Sharon informed me later that some dealers had no sales and some cleared $250. She said I was the talk of the show among the vendors because my booth was busy.  It wasn't really fair, though, as I was selling most items well below fair market value, and taking huge losses on my inventory. For instance, I had purchased the wicker chaise lounge for $250 a few years ago at an antique show and sold it for $150 to a sweet 97 year old lady that bought it as a gift for a friend with a great porch in Chagrin Falls.  I'm not making my living from buying and then selling valuable antiques as the rest of the dealers were doing-many with shops and/or spaces within antique malls.
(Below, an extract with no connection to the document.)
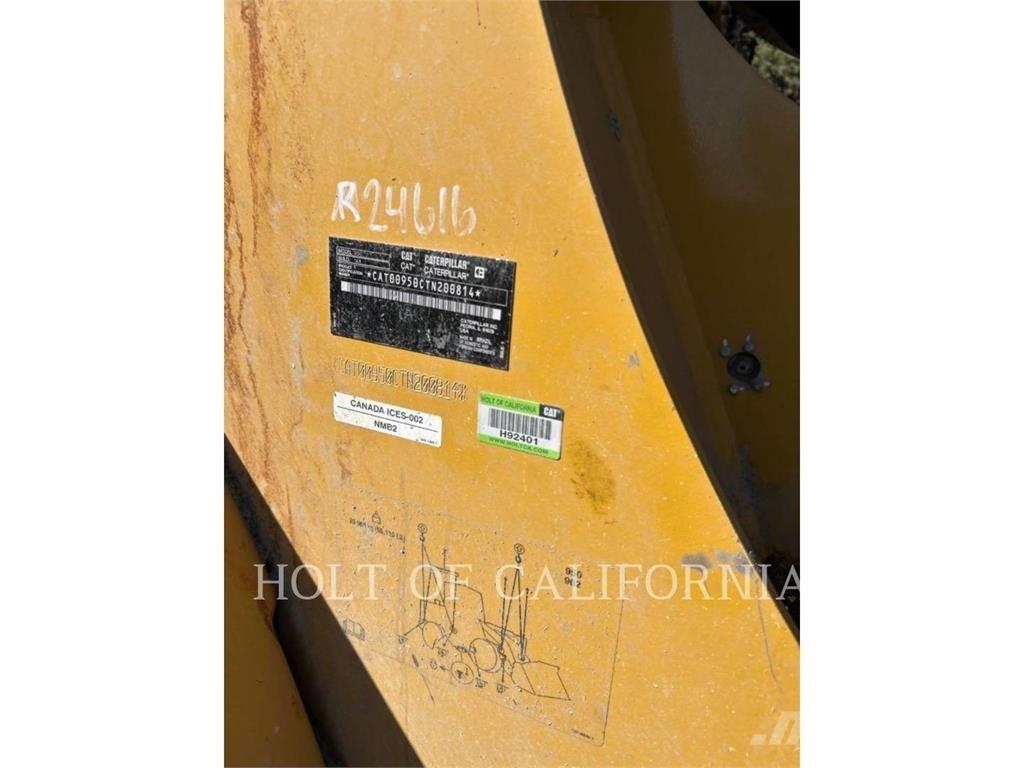 CAT 950 Gumikerekes homlokrakodók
Most customers inquired where my shop was located and I explained this was my first actual physical sales place but that I did have a small showcase within the Medina Antique Mall. I told them that for more than 30 plus years I had been  a public library director, not as an antique dealer. 

There was one vintage item that I didn't sell and I was pretty happy to bring it home with me-in fact, it really is a priceless piece. It brings me Joy as I reflect on memories from my first days as an intern in grad school, and my first year working at Sandusky Library.

Card catalog-Rods missing.

Yep, it is a card catalog. I spent hours typing cards, with regulation spacing, complete with See Also cards, Subject Cards, Title cards, and Author cards for each book purchased. That makes me an antique, too,  as  I'll be 62 in a few days.

I need to take a break from this unnatural downsizing task and plan to spend the summer relaxing on our front and back porches, on Paulie's front porch, and under our awnings at the campsite in Bellevue. It is best to pace oneself, don't you think?